Kuntz spent about two weeks hospitalized and rehabilitating his broken vertebrae. For about a week after that, he lived with his aunt, who drove him back from the hospital and begged him not to go on working for Knight, to whom he still felt strangely loyal. Then he and his aunt got in a fight, and Kuntz lost his only place to stay. For months, he was homeless, crashing on couches with friends who lived in Pike County, Missouri, where he’d grown up. The last of his devotion to Knight ran out when he realized that not only was his old boss not helping with his hospital bills, but he’d docked money from Kuntz’s paycheck as compensation for the wrecked van.

Bitter and unable to find work, Kuntz spent most days wandering around on foot and wondering what he would do next. His luck turned just as the onset of winter was starting to make his transient life more difficult. In November, his new girlfriend asked him to move into the house she shares with her parents in Louisiana, a city of about 3,000 that sits on the western banks of the Mississippi River. At around that time, he began working his current job, as a traveling maintenance man with the Peggs Company, a shopping cart manufacturer. In some ways it’s similar to his last gig: He’s on the road all the time, and he often puts in significantly more than 40 hours per week.

“But, I mean, it’s legal,” he said. Now, Kuntz and his girlfriend are saving up for a place of their own.



The song “Cowboy Way,” released in December 2014, is among Mikel Knight’s catchiest and most accomplished recordings. A banjo- and handclap-adorned number with an EDM-style pulse and soaring melodic hook, the track wouldn’t sound out of place on a playlist next to Pitbull and Ke$ha’s “Timber” or Avicii’s “Wake Me Up,” songs that similarly mix big-tent pop sounds with rootsy acoustic instruments.
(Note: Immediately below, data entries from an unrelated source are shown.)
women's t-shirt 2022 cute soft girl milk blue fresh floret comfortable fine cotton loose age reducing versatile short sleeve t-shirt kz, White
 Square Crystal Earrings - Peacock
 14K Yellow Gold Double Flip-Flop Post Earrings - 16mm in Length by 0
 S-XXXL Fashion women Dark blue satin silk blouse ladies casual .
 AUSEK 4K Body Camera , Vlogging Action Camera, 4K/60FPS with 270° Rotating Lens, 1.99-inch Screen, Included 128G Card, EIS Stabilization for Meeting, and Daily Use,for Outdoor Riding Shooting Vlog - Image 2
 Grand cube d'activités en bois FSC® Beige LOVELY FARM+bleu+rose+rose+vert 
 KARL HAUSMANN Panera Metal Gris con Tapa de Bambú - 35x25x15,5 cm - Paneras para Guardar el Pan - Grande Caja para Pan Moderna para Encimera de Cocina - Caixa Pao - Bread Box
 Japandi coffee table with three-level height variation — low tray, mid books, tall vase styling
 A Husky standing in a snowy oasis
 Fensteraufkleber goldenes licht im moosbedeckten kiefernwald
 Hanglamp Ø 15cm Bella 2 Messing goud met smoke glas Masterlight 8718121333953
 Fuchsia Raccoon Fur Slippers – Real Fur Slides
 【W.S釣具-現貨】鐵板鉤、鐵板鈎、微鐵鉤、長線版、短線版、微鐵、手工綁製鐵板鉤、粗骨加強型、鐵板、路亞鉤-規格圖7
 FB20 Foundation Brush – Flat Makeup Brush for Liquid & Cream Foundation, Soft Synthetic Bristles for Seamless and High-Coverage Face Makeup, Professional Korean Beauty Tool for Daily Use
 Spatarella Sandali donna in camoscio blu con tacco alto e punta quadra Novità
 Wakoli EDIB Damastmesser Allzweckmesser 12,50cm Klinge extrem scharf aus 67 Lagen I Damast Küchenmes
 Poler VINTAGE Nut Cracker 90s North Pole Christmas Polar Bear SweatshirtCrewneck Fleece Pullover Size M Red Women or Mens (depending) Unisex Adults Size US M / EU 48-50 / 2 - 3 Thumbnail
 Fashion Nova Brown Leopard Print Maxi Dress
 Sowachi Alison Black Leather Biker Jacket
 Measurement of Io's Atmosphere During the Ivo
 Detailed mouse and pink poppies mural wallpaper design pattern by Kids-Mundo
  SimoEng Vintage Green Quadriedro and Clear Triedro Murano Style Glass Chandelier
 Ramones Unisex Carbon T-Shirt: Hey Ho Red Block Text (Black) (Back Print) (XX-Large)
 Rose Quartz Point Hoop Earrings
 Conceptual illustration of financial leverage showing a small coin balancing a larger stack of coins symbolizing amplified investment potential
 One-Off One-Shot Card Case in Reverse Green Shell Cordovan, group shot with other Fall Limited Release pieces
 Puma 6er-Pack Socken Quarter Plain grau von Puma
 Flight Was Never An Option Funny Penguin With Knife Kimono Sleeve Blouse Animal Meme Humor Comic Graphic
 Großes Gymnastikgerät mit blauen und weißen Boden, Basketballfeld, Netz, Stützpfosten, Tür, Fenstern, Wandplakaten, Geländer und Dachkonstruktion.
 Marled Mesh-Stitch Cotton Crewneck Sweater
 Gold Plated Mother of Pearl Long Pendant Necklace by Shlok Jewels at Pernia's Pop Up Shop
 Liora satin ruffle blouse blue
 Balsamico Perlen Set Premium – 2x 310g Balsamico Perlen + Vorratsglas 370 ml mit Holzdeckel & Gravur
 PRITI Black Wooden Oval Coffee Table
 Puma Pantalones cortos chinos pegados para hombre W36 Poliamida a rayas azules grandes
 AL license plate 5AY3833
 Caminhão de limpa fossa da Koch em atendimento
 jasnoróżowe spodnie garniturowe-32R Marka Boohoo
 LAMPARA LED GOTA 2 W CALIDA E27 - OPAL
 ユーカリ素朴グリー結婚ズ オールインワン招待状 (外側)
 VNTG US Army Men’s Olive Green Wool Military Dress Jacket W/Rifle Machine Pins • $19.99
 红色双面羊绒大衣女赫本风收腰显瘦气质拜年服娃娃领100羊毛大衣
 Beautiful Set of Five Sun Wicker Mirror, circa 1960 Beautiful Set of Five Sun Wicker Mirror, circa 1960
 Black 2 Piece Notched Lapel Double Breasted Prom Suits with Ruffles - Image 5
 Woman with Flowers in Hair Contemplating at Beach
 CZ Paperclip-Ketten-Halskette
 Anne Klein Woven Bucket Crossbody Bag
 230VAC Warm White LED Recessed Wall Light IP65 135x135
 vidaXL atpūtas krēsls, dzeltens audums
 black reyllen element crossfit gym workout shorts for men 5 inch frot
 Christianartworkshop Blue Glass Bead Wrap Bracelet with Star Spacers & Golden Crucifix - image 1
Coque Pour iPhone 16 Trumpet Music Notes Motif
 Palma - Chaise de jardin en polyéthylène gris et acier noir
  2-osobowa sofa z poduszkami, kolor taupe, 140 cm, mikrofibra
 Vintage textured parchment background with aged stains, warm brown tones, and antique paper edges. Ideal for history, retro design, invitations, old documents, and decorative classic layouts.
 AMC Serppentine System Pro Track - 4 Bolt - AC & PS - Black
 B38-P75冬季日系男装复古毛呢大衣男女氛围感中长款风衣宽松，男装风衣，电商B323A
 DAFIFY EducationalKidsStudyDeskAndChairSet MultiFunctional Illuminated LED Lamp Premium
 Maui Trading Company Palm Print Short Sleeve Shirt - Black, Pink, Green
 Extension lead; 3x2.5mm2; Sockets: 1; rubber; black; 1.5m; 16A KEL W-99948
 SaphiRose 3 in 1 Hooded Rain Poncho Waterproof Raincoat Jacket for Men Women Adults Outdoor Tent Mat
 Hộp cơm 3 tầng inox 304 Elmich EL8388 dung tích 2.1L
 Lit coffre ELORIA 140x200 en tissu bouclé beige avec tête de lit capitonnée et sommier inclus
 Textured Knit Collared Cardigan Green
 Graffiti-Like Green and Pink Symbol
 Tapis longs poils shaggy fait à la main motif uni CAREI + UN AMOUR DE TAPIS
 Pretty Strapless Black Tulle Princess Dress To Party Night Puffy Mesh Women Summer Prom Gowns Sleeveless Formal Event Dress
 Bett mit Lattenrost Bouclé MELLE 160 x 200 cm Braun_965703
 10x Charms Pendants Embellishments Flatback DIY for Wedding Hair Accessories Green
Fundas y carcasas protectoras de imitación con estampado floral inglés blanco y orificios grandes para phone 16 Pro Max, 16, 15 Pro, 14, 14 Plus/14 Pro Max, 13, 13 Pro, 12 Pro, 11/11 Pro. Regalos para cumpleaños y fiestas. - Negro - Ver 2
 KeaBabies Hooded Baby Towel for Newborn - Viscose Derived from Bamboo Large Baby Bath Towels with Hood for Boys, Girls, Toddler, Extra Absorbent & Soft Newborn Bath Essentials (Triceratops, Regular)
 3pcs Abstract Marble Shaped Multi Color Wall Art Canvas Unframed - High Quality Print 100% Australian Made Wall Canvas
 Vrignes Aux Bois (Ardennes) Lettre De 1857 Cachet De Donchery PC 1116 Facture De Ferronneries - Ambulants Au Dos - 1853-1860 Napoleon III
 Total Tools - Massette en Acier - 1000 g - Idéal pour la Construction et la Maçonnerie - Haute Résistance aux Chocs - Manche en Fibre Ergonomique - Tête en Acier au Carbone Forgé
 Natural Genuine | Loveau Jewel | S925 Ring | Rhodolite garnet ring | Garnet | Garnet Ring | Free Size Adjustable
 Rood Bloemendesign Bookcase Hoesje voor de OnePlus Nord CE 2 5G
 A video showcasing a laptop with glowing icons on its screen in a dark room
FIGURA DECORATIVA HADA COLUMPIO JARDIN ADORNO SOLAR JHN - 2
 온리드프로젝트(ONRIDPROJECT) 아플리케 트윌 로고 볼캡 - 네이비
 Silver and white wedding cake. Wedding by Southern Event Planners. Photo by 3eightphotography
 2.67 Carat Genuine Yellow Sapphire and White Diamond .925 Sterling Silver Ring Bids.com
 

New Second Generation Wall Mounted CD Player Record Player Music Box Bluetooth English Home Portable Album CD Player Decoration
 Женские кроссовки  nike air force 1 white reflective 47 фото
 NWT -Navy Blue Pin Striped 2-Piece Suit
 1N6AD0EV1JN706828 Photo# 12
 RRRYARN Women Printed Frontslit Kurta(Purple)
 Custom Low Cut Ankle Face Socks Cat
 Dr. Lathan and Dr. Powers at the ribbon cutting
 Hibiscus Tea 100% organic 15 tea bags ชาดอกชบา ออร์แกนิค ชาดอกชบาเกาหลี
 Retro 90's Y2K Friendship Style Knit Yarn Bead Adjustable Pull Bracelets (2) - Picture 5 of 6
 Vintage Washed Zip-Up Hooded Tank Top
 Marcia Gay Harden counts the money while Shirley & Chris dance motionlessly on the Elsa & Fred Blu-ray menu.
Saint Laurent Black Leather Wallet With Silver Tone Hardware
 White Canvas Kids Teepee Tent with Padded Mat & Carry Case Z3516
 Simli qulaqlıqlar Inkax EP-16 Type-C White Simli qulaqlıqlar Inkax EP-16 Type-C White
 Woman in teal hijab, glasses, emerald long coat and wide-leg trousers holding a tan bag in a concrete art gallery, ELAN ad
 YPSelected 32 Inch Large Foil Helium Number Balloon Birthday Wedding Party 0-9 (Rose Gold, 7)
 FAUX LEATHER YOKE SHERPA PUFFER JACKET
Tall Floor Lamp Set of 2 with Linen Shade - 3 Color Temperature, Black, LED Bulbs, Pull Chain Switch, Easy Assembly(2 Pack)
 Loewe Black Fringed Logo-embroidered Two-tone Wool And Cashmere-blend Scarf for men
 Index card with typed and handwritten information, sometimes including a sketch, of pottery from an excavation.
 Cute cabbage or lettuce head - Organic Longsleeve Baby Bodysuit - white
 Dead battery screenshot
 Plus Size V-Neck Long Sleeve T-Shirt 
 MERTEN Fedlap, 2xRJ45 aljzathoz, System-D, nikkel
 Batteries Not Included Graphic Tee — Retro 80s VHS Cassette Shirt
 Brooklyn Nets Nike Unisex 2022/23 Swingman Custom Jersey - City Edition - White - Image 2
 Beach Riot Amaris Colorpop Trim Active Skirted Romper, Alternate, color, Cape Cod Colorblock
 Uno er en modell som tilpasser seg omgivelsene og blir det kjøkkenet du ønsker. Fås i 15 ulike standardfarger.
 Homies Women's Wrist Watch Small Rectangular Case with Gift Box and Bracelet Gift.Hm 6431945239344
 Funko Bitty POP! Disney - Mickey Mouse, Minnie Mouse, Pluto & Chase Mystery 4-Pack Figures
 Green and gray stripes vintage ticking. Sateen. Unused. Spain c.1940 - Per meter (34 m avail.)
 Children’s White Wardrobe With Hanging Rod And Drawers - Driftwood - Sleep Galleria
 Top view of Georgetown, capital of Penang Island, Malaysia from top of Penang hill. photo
The clip presents a fictionalized version of the Maverick Dirt Road Street Team: young men in t-shirts and aviator sunglasses loading cardboard boxes into Mikel Knight-branded panel vans and making cash sales in a convenience store parking lot. Watching the team from afar are two law enforcement officers with binoculars and a telephoto camera. It’s clear that the cops believe a crime is being committed, but not what that crime might be.

Knight, resplendent in his Budweiser NASCAR jacket and cowboy hat, then raps in front of a rowdy crowd of men who sing along and jump up and down in time with the music. The cops are on his tail once again, assembled in an office and poring over surveillance photos of the street that they’ve taped up to a whiteboard.

In light of the accusations against Knight and the Maverick Dirt Road Street Team, the “Cowboy Way” video plays out as both a brazen joke and an evasion. The ostensible gag seems to be that the cops are confused: Knight’s humble, hustling business has made them mistake him for some sort of drug kingpin.

But it’s hard not to read it as an acknowledgement of the precariousness of his own situation. If allegations from former employees are true, the authorities may have plenty of good reasons to go after Knight and his street team; it’s just that none of them happen to be portrayed on screen.

At the video’s climax, shotgun-toting officers in SWAT gear storm into a dusty warehouse where Knight has just been performing, hoping for a high-profile bust, and find only boxes full of promotional t-shirts. Mikel Knight, one step ahead, is long gone from the scene.